I’ve been reading lots of comments from preschool teachers recently that, on reflection, make me wonder why some educators find it so difficult to display the kinds of traits we want to see in the children we work with. Traits such as compassion, understanding, empathy and a sense of curiosity. It also makes me wonder if they are even aware of their thinking patterns. It’s difficult to read comments online and not judge, especially without more background information. However, I think this is a great metaphor for early childhood education and how we need to deep dive to find the underlying background information to find out what children are discovering.
And the best way to do this? Let. Them. Play. (quelle surprise!)
For some educators, this mindshift is the first hurdle. They might say, “I love working with children, they’re just so cute! They play all day!” It is true, they’re probably super cute, but that is not enough. Do THEY really play all day? Or do you provide playful activities for them to complete? What do you do all day? Do you play?
You have to have a genuine, heartfelt interest in each individual child so you can actively seek out what makes them curious, what makes them wonder, what brings them pure joy…what makes them light up. When you find out what makes them tick, you change the whole game of learning, behaviour and teaching.
There are several practices you can do (and are probably already doing!) to help discover more about the children in your care with a nod to building connection. There are simple getting to know you activities that you might do at the beginning of the school year – all about me tasks, family meetings, home visits etc. These are all great places to start, but they are worthless if they are just used as a format to check off to say “Look at us! We are finding out about this individual child and doing family engagement!” If your birthday board is only used for your reference, the magic of childhood isn’t there. If your classroom has a stick hanging above the art table because you liked it when saw it on Pinterest, take it down. No magic there. Only reading one book a day that you choose at story time because that’s the time you need everyone to sit down together? Reading a book on the carpet while your assistant takes children individually away to complete an art activity? You might as well just set the rabbit from your top hat free and dismantle your wand.
You have to walk the walk if you are going to talk the talk!
You can’t say, “Everybody is welcome in our class!” if you send children home when they display challenging behaviour.

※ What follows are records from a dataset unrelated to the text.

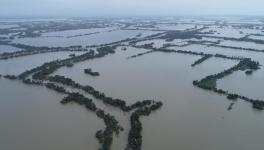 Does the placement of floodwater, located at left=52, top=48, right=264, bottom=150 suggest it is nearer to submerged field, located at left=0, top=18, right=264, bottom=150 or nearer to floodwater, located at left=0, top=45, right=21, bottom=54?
submerged field, located at left=0, top=18, right=264, bottom=150

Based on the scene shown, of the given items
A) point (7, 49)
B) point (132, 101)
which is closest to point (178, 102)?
point (132, 101)

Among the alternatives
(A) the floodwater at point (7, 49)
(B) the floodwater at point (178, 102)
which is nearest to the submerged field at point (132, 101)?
(B) the floodwater at point (178, 102)

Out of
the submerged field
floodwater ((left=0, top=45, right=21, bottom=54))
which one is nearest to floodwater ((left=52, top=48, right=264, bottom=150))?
the submerged field

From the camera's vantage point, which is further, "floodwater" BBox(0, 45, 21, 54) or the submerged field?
"floodwater" BBox(0, 45, 21, 54)

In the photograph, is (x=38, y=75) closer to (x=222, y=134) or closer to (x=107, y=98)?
(x=107, y=98)

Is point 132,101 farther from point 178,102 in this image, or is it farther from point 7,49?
point 7,49

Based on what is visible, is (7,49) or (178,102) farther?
(7,49)

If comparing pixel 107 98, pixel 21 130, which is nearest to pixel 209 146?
pixel 107 98

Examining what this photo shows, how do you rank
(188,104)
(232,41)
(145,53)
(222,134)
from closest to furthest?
1. (222,134)
2. (188,104)
3. (145,53)
4. (232,41) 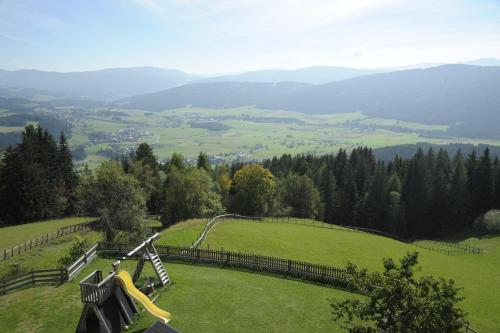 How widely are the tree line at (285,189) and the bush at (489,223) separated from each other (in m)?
7.52

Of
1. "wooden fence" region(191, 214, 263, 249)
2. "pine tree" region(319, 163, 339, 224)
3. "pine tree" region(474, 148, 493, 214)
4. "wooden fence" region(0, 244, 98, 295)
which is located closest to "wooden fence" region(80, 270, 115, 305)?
"wooden fence" region(0, 244, 98, 295)

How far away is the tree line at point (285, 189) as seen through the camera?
68.1m

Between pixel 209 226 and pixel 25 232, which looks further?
pixel 25 232

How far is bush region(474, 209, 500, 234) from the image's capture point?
2879 inches

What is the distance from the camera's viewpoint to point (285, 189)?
88.6 metres

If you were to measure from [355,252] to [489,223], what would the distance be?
144 ft

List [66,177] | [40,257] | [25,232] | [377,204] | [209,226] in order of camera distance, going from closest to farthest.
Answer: [40,257] < [209,226] < [25,232] < [66,177] < [377,204]

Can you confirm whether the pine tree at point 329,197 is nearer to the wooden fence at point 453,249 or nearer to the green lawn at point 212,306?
the wooden fence at point 453,249

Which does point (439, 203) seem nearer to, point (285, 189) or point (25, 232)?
point (285, 189)

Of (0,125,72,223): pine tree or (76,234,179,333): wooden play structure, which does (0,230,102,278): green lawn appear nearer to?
(76,234,179,333): wooden play structure

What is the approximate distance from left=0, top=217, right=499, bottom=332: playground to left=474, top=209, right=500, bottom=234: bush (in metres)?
35.3

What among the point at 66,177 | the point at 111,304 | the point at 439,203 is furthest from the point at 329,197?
the point at 111,304

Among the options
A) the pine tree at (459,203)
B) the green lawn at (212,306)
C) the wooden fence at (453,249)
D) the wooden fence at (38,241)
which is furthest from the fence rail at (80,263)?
the pine tree at (459,203)

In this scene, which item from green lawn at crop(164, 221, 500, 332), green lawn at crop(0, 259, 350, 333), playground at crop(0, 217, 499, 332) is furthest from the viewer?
green lawn at crop(164, 221, 500, 332) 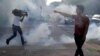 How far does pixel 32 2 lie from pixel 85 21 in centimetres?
2430

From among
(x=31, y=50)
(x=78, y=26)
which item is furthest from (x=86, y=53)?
(x=78, y=26)

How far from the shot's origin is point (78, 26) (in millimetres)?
7500

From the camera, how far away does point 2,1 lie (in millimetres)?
28938

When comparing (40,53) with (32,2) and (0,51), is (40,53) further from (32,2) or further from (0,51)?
(32,2)

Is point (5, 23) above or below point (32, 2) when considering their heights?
below

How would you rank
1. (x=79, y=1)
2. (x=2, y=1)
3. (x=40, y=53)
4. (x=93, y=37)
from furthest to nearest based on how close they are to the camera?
1. (x=79, y=1)
2. (x=2, y=1)
3. (x=93, y=37)
4. (x=40, y=53)

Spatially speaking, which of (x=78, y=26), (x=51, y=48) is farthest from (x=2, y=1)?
(x=78, y=26)

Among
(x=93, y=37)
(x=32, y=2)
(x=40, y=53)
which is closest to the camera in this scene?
(x=40, y=53)

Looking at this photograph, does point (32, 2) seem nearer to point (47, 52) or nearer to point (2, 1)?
point (2, 1)

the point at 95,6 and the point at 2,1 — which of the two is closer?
the point at 2,1

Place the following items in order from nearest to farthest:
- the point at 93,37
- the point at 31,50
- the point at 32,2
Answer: the point at 31,50
the point at 93,37
the point at 32,2

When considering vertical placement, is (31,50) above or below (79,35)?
below

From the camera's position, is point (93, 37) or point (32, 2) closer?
point (93, 37)

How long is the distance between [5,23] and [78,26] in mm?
22699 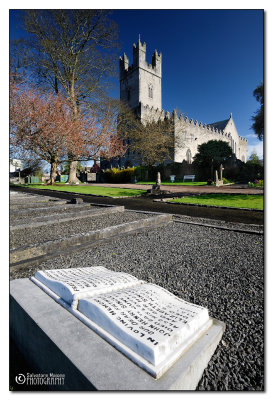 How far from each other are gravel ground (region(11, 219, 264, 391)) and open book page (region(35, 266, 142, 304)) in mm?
841

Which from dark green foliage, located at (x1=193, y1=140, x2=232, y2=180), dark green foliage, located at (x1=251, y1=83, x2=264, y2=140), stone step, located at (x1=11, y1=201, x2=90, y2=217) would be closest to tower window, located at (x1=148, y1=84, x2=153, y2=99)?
dark green foliage, located at (x1=193, y1=140, x2=232, y2=180)

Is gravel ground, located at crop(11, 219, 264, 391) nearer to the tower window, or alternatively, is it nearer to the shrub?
the shrub

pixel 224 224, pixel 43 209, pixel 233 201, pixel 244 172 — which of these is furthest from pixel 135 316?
pixel 244 172

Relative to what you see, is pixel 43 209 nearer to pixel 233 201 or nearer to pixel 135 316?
pixel 135 316

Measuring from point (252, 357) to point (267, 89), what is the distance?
2.38 m

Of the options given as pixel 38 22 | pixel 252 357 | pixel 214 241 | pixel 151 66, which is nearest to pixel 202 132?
pixel 151 66

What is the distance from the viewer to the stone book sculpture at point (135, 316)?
1121 mm

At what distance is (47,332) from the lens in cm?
135

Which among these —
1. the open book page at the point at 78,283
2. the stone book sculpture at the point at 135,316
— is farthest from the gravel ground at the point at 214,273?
the open book page at the point at 78,283

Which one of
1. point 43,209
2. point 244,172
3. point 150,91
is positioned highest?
point 150,91

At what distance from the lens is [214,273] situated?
2949mm

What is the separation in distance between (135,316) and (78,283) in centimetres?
67
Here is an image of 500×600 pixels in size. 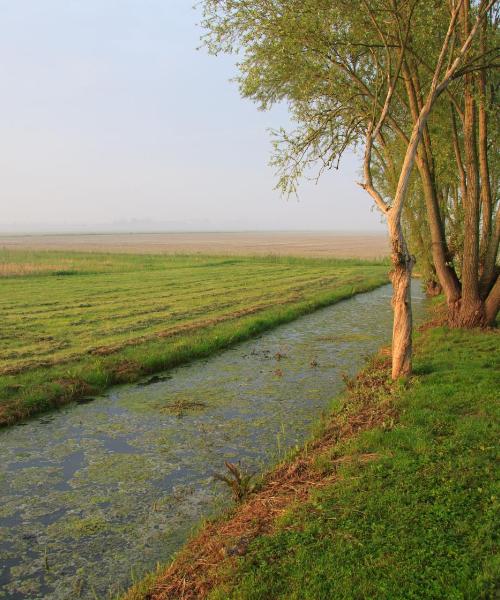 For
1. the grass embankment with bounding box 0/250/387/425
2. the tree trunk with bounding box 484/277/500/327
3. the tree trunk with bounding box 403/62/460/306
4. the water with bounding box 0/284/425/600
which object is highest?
the tree trunk with bounding box 403/62/460/306

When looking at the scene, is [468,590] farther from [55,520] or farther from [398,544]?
[55,520]

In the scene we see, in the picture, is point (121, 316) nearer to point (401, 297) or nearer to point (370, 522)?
point (401, 297)

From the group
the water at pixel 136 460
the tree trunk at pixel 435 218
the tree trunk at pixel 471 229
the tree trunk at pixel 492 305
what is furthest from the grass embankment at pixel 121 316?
the tree trunk at pixel 492 305

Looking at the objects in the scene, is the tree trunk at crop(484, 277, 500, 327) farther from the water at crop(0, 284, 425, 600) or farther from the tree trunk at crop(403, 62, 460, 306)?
the water at crop(0, 284, 425, 600)

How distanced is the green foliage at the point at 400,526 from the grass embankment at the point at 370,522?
13 millimetres

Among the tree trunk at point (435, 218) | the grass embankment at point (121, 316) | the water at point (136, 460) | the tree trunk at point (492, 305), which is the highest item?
the tree trunk at point (435, 218)

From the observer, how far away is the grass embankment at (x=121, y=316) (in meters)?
13.9

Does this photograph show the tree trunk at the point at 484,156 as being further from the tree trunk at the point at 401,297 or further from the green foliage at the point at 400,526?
the green foliage at the point at 400,526

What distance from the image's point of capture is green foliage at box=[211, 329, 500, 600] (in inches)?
199

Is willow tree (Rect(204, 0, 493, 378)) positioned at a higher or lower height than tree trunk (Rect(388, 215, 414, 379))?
higher

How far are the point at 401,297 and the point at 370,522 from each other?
21.4 ft

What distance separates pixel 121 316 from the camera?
76.3ft

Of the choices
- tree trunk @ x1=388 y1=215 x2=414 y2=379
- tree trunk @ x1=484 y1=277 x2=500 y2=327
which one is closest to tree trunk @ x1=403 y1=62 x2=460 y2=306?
tree trunk @ x1=484 y1=277 x2=500 y2=327

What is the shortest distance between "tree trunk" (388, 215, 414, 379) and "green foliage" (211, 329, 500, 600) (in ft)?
8.52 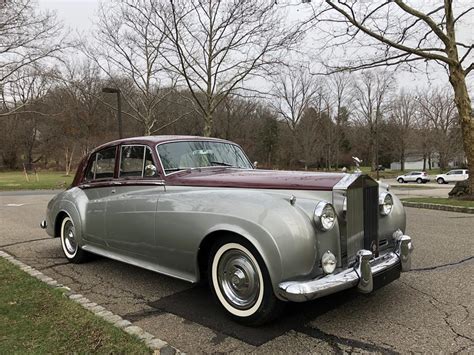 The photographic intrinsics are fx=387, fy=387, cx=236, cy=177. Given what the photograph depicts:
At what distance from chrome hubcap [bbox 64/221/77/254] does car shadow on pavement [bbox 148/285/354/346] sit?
222 cm

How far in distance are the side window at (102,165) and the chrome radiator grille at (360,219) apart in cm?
306

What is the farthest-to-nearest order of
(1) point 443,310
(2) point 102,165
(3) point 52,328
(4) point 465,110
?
1. (4) point 465,110
2. (2) point 102,165
3. (1) point 443,310
4. (3) point 52,328

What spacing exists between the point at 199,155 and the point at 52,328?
239 centimetres

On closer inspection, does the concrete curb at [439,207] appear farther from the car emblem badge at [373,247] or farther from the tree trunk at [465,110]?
the car emblem badge at [373,247]

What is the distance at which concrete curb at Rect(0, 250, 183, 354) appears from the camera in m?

You can’t say, “We have an open door policy for parents” if you try to kick them out (or sneak them out!) as their child is screaming and crying for them at drop-off.
You can’t say, “We teach the children through play” if all your centers are set up with teacher-led activities you designed before the children even get a toe in the door.
But all is not lost. Educators can (and should be) constantly learn and grow from and with the children in their care. Using the skills of compassion, connection and curiosity – the building blocks of relationships – will create the foundation needed for a community of inspired co-learners. But the change has to start with you, that shift to where the child is at the heart of everything.
What do you notice when you look around your classroom? Be objective and stick to the facts. Now, what do you think about what you see? What do you think is happening? Can you back up what you think with evidence? Finally, what do you wonder? How could you use the skills of compassion, kindness and empathy in your classroom to provide a platform for these wonderings?
Stay curious and the door to children’s magical worlds will remain open, complete with a signed invitation to step inside. Are you ready to open that door? It can be a scary world out there when the children are ‘just’ playing (*eye twitches at the word just), but I am here to hold your hand and guide you through to the other side of that door. Play IS the magic of childhood.